Prompt
When you reach the line that contains "Tanznachmittag für alle" in the data below, start reproducing lines exactly, and stop after the line that contains "Third Street Bar by null".

Data to process

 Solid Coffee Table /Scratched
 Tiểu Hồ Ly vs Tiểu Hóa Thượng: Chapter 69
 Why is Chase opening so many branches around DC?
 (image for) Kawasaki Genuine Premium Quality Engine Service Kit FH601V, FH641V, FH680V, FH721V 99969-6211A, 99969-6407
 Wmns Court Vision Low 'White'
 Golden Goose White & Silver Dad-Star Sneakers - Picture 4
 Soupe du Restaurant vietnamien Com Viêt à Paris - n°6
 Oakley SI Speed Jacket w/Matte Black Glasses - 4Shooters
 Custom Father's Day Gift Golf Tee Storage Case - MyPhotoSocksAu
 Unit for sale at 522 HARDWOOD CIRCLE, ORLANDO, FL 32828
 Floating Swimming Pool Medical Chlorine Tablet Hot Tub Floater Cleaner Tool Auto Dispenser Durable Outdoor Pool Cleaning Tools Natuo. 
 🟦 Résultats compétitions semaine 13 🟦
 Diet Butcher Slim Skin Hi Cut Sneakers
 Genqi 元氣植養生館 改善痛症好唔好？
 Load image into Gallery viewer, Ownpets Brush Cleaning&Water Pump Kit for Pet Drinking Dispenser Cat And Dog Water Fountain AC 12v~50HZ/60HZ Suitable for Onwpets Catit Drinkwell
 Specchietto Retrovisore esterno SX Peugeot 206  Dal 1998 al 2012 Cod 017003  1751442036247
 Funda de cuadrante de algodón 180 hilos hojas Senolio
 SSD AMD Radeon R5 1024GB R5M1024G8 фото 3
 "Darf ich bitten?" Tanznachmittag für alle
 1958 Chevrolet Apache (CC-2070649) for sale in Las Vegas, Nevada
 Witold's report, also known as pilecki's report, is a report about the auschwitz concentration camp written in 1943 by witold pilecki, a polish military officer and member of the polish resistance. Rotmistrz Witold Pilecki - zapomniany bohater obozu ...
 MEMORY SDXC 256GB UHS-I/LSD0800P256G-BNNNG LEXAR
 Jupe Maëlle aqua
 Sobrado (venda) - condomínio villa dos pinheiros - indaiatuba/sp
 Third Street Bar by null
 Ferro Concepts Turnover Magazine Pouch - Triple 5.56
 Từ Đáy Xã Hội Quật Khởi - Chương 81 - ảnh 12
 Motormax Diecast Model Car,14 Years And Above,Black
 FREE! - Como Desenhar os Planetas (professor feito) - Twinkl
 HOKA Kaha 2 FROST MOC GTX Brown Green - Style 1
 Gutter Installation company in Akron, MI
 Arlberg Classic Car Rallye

Exercise response
 "Darf ich bitten?" Tanznachmittag für alle
 1958 Chevrolet Apache (CC-2070649) for sale in Las Vegas, Nevada
 Witold's report, also known as pilecki's report, is a report about the auschwitz concentration camp written in 1943 by witold pilecki, a polish military officer and member of the polish resistance. Rotmistrz Witold Pilecki - zapomniany bohater obozu ...
 MEMORY SDXC 256GB UHS-I/LSD0800P256G-BNNNG LEXAR
 Jupe Maëlle aqua
 Sobrado (venda) - condomínio villa dos pinheiros - indaiatuba/sp
 Third Street Bar by null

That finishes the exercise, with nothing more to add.